Arjuna, le plus grand archer de son temps, arrête son char entre les deux armées rangées et refuse de combattre. En face, dans les lignes ennemies, il reconnaît ses maîtres, ses cousins, les siens. Il laisse tomber son arc : « je ne combattrai pas », dit-il, puis se tait. Les sept cents strophes de la Bhagavad-Gîtâ sont la réponse que lui fait Krishna, son cocher, pour le remettre debout. On attendrait une consolation, ou un ordre. Krishna fait tout autre chose : il déplace la question de l'acte vers ce que l'agent espère en tirer.

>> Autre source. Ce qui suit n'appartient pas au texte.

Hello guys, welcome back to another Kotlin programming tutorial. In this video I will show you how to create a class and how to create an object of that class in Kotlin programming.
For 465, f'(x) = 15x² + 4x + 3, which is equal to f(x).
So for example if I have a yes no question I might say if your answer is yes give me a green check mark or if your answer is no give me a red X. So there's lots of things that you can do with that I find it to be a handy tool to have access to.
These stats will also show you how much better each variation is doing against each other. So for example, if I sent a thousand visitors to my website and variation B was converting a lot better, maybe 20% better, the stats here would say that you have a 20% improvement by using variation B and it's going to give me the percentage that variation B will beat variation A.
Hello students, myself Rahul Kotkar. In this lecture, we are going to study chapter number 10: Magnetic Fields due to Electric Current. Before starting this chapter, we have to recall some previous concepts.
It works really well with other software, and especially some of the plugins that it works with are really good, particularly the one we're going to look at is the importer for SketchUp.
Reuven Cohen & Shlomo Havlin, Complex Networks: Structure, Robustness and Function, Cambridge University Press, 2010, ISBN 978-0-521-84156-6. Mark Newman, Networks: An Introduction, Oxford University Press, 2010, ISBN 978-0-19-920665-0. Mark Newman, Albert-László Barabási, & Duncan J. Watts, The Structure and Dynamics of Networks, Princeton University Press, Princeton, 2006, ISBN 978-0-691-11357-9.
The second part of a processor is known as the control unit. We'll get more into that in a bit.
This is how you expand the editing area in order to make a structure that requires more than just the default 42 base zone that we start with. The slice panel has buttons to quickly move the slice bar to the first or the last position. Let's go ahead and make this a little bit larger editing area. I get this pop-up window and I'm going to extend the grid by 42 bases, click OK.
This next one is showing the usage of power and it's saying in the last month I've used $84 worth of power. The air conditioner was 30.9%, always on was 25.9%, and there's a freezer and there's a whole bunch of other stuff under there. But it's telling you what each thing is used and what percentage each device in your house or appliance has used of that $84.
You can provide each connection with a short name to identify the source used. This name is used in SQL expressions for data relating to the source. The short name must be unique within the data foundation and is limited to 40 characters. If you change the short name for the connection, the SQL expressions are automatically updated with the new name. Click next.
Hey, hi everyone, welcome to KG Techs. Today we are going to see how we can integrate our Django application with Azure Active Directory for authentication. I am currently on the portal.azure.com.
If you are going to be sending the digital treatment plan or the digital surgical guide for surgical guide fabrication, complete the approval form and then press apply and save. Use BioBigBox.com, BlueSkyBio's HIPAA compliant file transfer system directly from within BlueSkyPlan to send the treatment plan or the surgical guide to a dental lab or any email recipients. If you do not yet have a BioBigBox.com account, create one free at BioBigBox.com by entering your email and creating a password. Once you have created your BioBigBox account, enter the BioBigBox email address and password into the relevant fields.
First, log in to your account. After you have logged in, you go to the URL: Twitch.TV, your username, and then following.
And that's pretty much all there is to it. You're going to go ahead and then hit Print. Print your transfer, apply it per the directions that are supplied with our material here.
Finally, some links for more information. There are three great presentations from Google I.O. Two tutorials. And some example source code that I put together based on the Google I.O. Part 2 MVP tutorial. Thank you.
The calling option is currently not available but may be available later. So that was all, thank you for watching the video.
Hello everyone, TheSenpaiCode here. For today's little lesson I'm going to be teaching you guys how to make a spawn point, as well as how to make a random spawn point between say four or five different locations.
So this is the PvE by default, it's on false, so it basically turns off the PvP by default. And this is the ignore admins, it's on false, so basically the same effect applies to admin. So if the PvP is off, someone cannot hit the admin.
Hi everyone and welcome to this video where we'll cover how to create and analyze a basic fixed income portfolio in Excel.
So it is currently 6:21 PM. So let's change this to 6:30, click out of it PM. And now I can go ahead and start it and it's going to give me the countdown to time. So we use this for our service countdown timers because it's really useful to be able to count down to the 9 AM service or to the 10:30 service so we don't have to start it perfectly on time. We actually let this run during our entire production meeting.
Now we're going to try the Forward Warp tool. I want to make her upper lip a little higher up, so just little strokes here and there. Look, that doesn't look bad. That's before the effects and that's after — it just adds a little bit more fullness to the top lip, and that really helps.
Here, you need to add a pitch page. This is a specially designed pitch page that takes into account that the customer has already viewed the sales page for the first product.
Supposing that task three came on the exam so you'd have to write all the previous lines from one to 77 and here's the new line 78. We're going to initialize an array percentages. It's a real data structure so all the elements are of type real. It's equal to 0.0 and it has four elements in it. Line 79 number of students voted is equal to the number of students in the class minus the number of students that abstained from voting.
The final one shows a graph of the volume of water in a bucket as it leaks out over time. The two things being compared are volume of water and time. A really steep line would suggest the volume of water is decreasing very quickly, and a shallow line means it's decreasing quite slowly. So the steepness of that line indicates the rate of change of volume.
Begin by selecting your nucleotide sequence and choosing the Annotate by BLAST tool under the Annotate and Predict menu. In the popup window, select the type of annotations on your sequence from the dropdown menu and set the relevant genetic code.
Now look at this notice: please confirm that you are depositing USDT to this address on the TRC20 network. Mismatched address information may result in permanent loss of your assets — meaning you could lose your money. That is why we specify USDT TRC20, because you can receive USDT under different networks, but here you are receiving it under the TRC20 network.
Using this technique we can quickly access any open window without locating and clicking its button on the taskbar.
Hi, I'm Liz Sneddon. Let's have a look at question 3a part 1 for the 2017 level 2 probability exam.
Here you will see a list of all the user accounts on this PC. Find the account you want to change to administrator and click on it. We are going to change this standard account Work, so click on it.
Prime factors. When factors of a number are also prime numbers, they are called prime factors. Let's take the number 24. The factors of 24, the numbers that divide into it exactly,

> Sois attentif à l'accomplissement des œuvres, jamais à leurs fruits ; ne fais pas l'œuvre pour le fruit qu'elle procure, mais ne cherche pas à éviter l'œuvre.
>
> — **Bhagavad-Gîtâ**, *Le Chant du Bienheureux*, livre II, § 47. éd. Librairie de l'Institut, 1861, trad. Émile-Louis Burnouf.

Une seule phrase, deux refus symétriques. Il est interdit d'agir *pour* le fruit — de faire de l'acte un simple moyen tendu vers son rendement ; il est tout aussi interdit de fuir l'acte. Les deux erreurs ont la même racine : l'œil rivé sur le résultat, qu'on le convoite ou qu'on le redoute. La voie de Krishna n'est ni l'une ni l'autre. Agir pleinement, et couper le fil qui relie le geste à ce qu'il rapporte.

*[karma-yoga]* Burnouf traduit l'idée par « abnégation » et « renoncement au fruit des œuvres ». La tradition la nomme *karma-yoga*, la discipline de l'action — Burnouf intitule d'ailleurs le chapitre III « Yoga de l'Œuvre ». Son nom technique, *niṣkāma-karma*, dit littéralement l'action (*karma*) sans le désir (*kāma*) : non pas l'inaction, mais l'acte délié de l'appétit du résultat.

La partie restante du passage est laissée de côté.